Exercise goal
Reproduce, from the lines below, exactly the stretch that begins at the line containing "Theafresh Collyre Solution 2x10ml" and ends at the line containing "LED License Plate", both included.

┌─ Information given

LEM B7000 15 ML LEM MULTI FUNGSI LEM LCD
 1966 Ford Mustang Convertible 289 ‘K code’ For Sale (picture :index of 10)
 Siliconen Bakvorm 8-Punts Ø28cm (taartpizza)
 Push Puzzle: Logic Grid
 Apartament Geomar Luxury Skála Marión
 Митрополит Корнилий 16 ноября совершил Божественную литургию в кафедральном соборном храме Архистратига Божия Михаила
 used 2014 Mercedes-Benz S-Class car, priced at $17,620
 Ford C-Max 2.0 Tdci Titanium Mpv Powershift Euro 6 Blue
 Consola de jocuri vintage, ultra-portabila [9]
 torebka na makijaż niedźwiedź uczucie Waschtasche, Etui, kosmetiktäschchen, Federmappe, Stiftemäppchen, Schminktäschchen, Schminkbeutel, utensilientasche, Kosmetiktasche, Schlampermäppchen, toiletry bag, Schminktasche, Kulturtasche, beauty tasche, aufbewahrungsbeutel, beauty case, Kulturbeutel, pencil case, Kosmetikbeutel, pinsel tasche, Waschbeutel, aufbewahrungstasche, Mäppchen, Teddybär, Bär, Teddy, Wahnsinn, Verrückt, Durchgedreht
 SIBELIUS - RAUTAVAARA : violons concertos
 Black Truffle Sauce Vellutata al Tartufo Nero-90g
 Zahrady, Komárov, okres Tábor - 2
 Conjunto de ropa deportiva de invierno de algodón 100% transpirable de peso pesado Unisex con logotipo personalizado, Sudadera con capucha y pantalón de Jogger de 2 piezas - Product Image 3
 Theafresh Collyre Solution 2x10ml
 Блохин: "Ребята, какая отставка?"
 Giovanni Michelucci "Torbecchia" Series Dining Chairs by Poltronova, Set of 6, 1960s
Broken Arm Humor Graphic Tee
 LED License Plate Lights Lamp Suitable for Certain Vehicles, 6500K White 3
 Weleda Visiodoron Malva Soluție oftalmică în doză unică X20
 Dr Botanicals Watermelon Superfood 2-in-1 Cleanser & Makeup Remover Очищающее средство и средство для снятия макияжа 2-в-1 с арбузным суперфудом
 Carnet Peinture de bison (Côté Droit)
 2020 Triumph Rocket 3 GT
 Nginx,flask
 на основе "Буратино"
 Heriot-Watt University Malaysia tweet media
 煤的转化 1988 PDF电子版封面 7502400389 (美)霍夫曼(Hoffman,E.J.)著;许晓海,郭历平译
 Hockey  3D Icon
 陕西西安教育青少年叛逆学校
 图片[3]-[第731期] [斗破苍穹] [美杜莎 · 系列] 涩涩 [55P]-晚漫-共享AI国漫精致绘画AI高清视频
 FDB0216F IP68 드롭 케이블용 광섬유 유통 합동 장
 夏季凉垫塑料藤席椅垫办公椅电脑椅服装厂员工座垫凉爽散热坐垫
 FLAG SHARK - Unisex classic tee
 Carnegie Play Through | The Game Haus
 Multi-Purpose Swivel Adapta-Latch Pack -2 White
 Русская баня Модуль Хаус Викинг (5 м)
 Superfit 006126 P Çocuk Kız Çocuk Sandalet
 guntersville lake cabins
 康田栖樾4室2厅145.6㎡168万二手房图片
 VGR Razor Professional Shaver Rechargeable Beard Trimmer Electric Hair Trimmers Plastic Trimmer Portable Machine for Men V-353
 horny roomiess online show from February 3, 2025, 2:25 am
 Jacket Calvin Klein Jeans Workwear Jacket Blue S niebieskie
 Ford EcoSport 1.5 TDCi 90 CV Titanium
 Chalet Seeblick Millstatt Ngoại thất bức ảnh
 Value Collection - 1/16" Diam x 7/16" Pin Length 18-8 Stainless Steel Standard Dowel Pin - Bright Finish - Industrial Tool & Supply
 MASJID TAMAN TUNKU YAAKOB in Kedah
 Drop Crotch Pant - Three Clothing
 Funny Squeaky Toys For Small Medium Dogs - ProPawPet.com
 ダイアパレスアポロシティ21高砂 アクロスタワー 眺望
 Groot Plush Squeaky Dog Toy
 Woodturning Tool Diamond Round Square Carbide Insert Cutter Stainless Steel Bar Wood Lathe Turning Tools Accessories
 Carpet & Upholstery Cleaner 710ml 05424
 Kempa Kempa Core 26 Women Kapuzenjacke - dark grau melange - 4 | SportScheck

└─

Result
 Theafresh Collyre Solution 2x10ml
 Блохин: "Ребята, какая отставка?"
 Giovanni Michelucci "Torbecchia" Series Dining Chairs by Poltronova, Set of 6, 1960s
Broken Arm Humor Graphic Tee
 LED License Plate Lights Lamp Suitable for Certain Vehicles, 6500K White 3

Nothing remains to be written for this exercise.